• [Data records]:
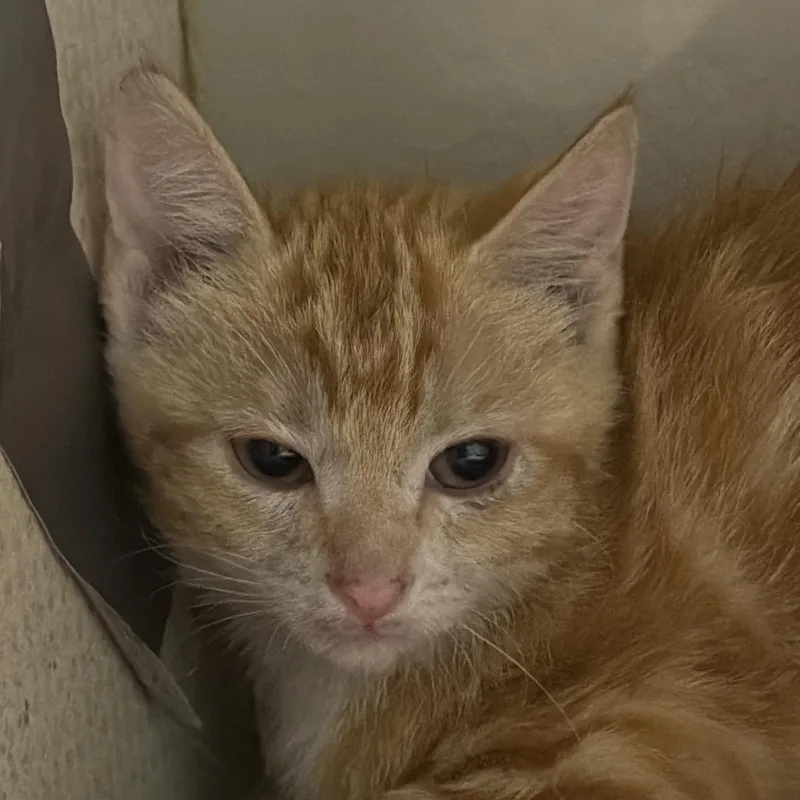 A baby small-sized female Orange / Red Domestic Short Hair cat named Orangesicle for adoption in Yuma, AZ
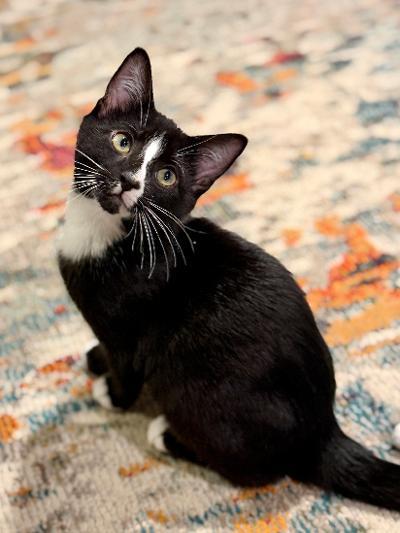 Maro, an adopted Domestic Short Hair in Mokena, IL image 2/5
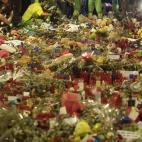 5c8a9cdc3b000070066c3437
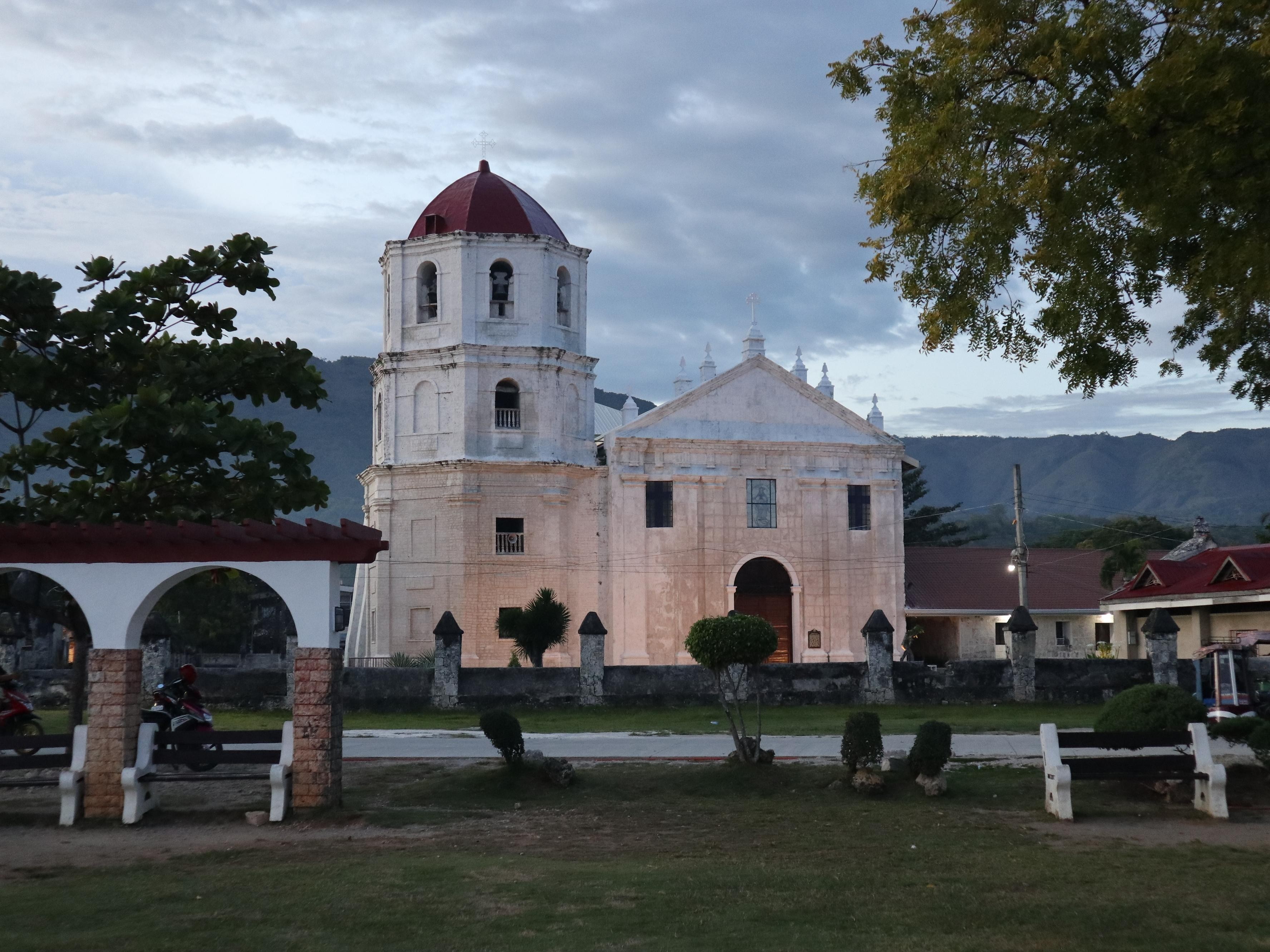 Cebu: Whale Shark Watching & Heritage Tour with Dive Option 2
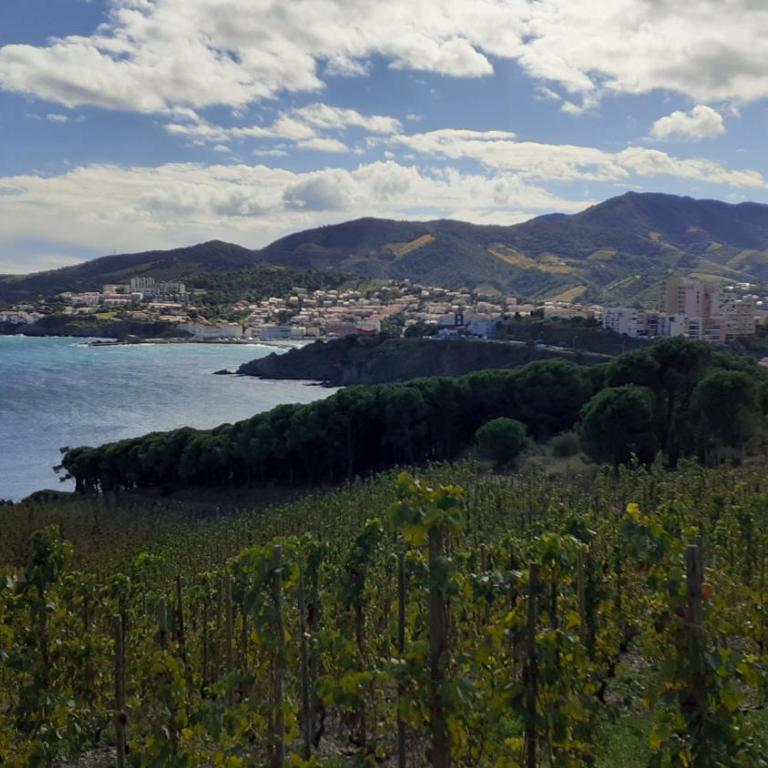 CAP d OSNE - Appart 40 m2 Climatisé 2mn plage et ville - Apartamento - Planta baja - 25
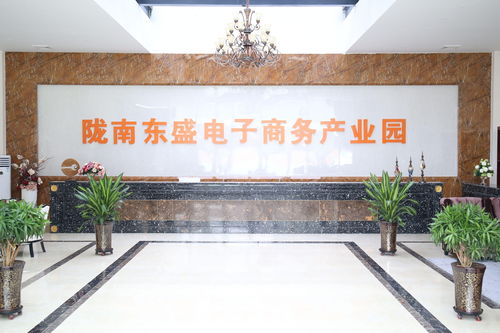 陇南东盛农产品电子商务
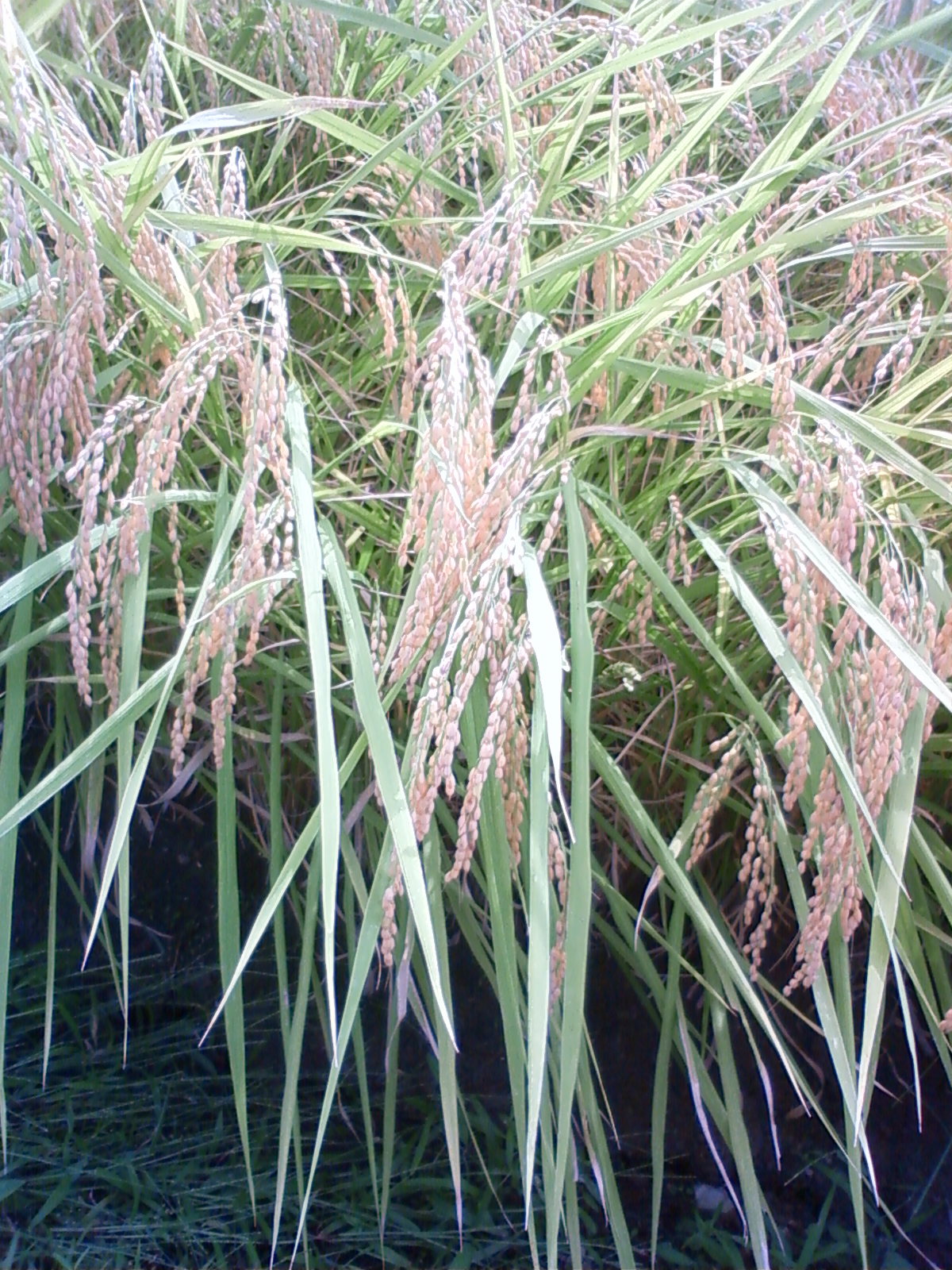 f:id:bluets8:20120926145400j:image f:id:bluets8:20120926145400j:image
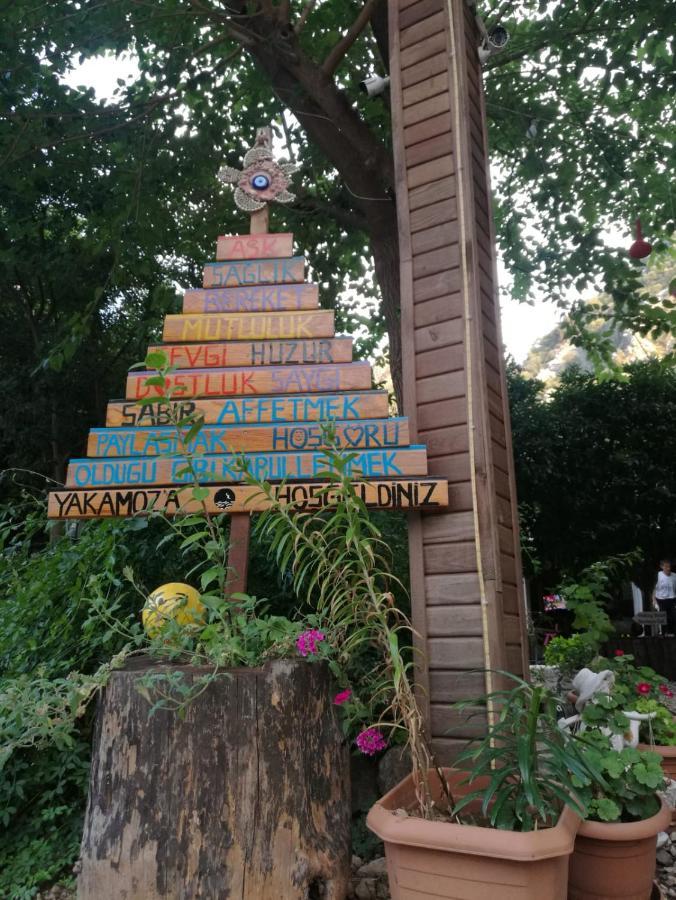 Olympos Yakamoz Pansiyon Exterior foto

• [What the task asks]: With the pictures left aside, set down each entry above exactly as it stands.

• [Response]:
 A baby small-sized female Orange / Red Domestic Short Hair cat named Orangesicle for adoption in Yuma, AZ
 Maro, an adopted Domestic Short Hair in Mokena, IL image 2/5
 5c8a9cdc3b000070066c3437
 Cebu: Whale Shark Watching & Heritage Tour with Dive Option 2
 CAP d OSNE - Appart 40 m2 Climatisé 2mn plage et ville - Apartamento - Planta baja - 25
 陇南东盛农产品电子商务
 f:id:bluets8:20120926145400j:image f:id:bluets8:20120926145400j:image
 Olympos Yakamoz Pansiyon Exterior foto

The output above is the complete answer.